文本转换
From Corpus4u wiki
通常 Corpus Tools 都要求语料是纯文本格式,Word 格式不太适合检索,因为文本中包含有 Word 自身的 tags (Laohong)。 下面是一些文本转换的软件:
- CutePDF 生成 PDF 文件(免费软件)
- To convert your files into PDF, CutePDF is strongly recommended(free of charge). It can convert English, Chinese or any language, and images. The resulting PDF do not bear some ugly hallmark. (Recommended by Richard Xiao here)
- PDF2HTML GPL 自由软件
- pdftohtml is a utility which converts PDF files into HTML and XML formats.
- After you convert the PDF files to MS Word files, use MS Word “转换向导” 模板 (Batch Conversion Wizard.) to convert them to text files: You can do a lot of files in one go. (动态语法)

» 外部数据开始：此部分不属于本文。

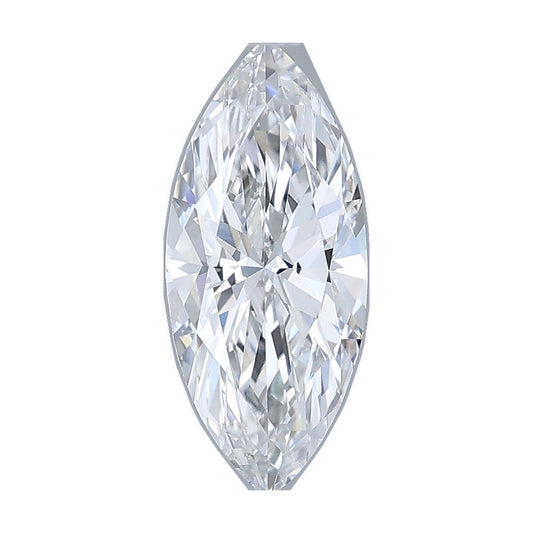 1.10 ct marquise lab-grown diamond, F color, VVS2 clarity, IGI certified, still from its 360° video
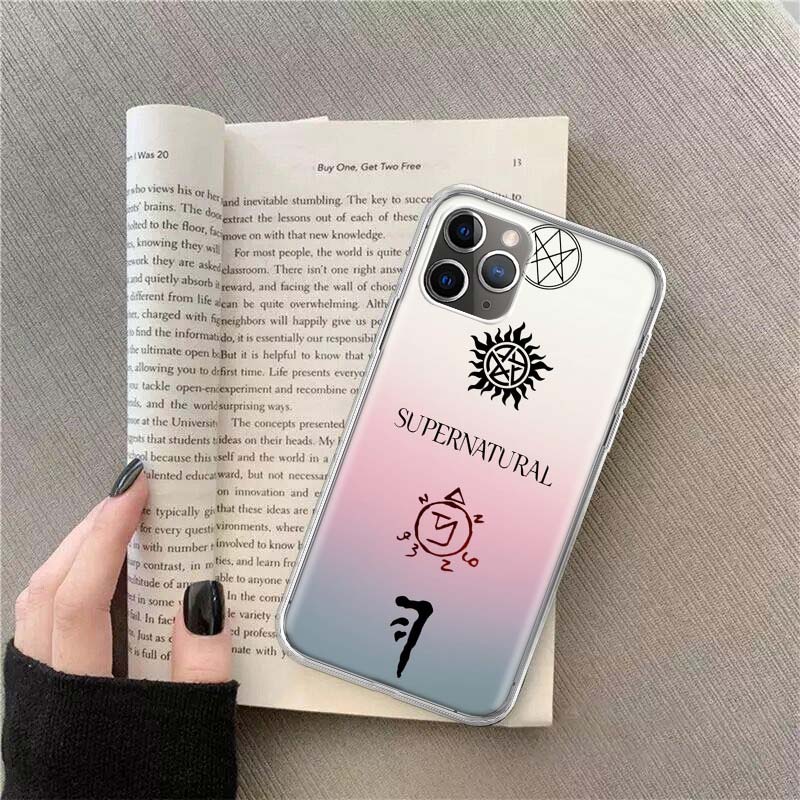 Angel Castiel Supernatural Phone Case For Apple Iphone 12 13 Mini 14 15 Pro 17 Pro Max Air 11 16E 16 Plus Shell Cover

- PDF2TXT is a PDF to Text convert tool. It provides batch converting of Adobe Acrobat PDF files to plain text. PDF2TXT is easy to use mean for converting Adobe Acrobat PDF files into plain text. With PDF2TXT you have the following options: 1)Ability to convert PDF to Text; 2)Batch converting. You may add several files to convert to text; 3)Command line support. You may use the program in a command line mode.